The causes of kidney stones can vary widely from person to person. If you’ve had a single kidney stone, changes in diet may be all you need to prevent another stone from forming.
Costs of Recurring Kidney Stones
If you’ve had more than one stone, or if there is a history of recurring stones in your family, Duke urologist Dr. Michael Lipkin, MD, says that a thorough medical evaluation is needed to identify your specific risk factors -- so that you can stop the stone-stone cycle.
“People who have recurring stones may need medication as well as diet changes,” Dr. Lipkin says. “The right treatment can be very effective in preventing these painful episodes.”
While each person must discuss his or her unique circumstances with a doctor, Dr. Chad Gridley, MD, a Duke Health urologist, said being proactive is key. “We want to prevent future stone events for you, because each event can be a painful process, it can be expensive, and you may miss work or time with your family while you deal with the kidney stone,” Dr. Gridley said. “Repeat obstructive kidney stone events can even put you at risk of losing some kidney function over time.”
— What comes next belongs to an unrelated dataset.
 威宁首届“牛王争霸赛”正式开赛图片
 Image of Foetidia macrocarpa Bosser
Here are a few guidelines that can help most people avoid kidney stone recurrence.
Drink More Liquid
Water is a kidney’s best friend -- aim for 10 ounces, 10 times a day.
Eat Less Meat
Proteins from animals (which includes beef, chicken, pork, and fish) increase uric acid in the urine, which increases the risk of stone formation -- and they decrease a substance called urinary citrate, which inhibits stone formation.
Choose Your Veggies Wisely
Vegetables are good for everybody, but for people with stone disease some vegetables are best left alone. A substance called oxalate, which can contribute to stone formation, is present in high levels in certain foods such as rhubarb, parsley, spinach, and beets -- your doctor can tell you if you need to avoid oxalate-rich foods.
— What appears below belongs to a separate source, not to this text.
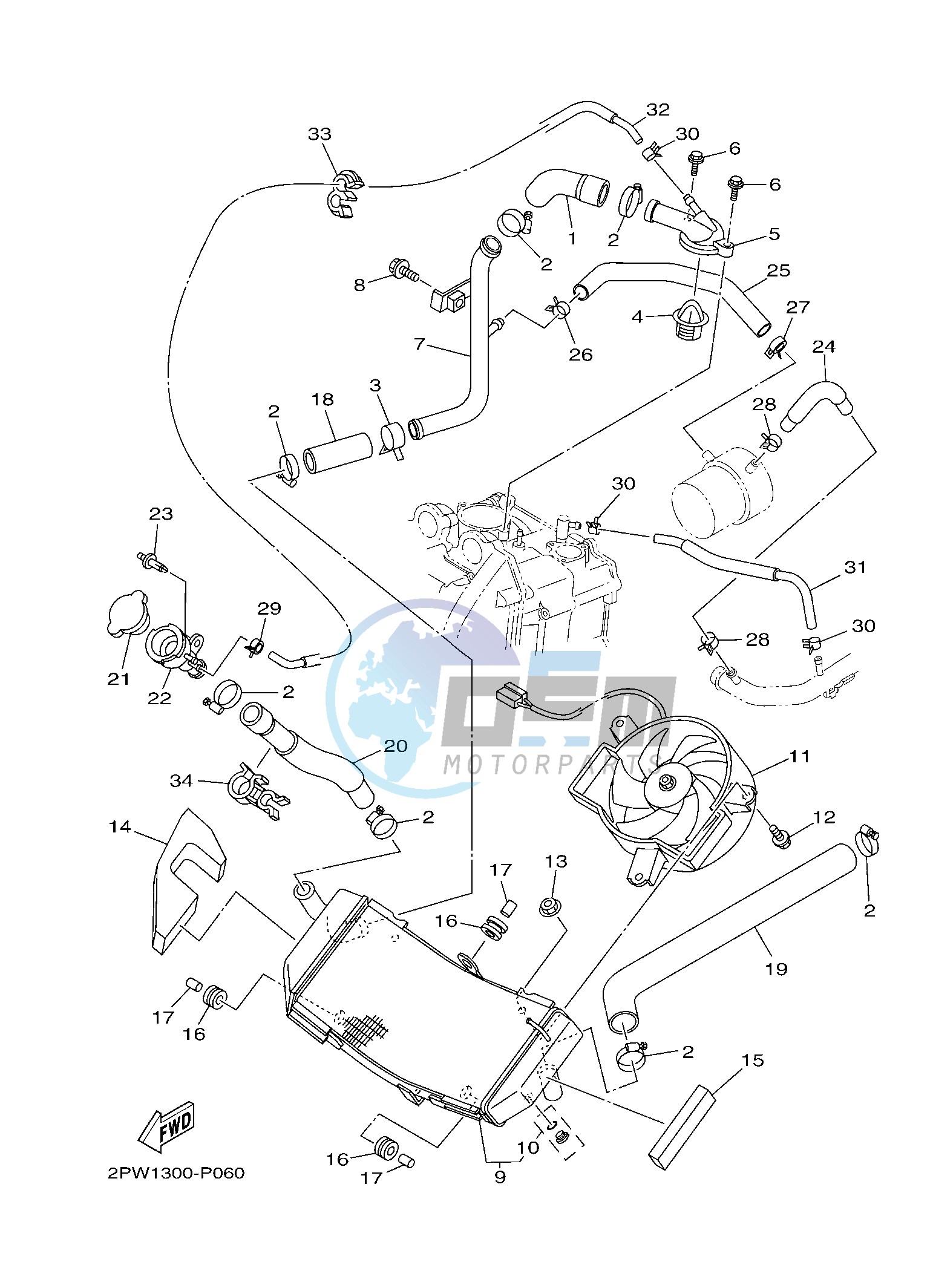 RADIATOR & HOSE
Snack on Calcium and Magnesium
In recommended amounts, these two minerals are good for inhibiting stone formation, because they lower the overall levels of oxalate in your urine. Make sure that every day you’re getting at least 1,000 milligrams of calcium and 360 (for women) to 420 (for men) milligrams of magnesium -- and remember that the best source for these minerals is real food.
Watch Your Sodium Intake
Excess sodium can increase the risk of stone formation, but the salt shaker is probably not your real enemy. Most sodium comes from processed foods, restaurant food, and take-out food. Try eating at home, and cooking from scratch when you can to help limit your sodium intake to 2,300 milligrams daily. Also, avoid canned and pickled foods, and go easy on the added salt, soy sauce, and teriyaki sauce.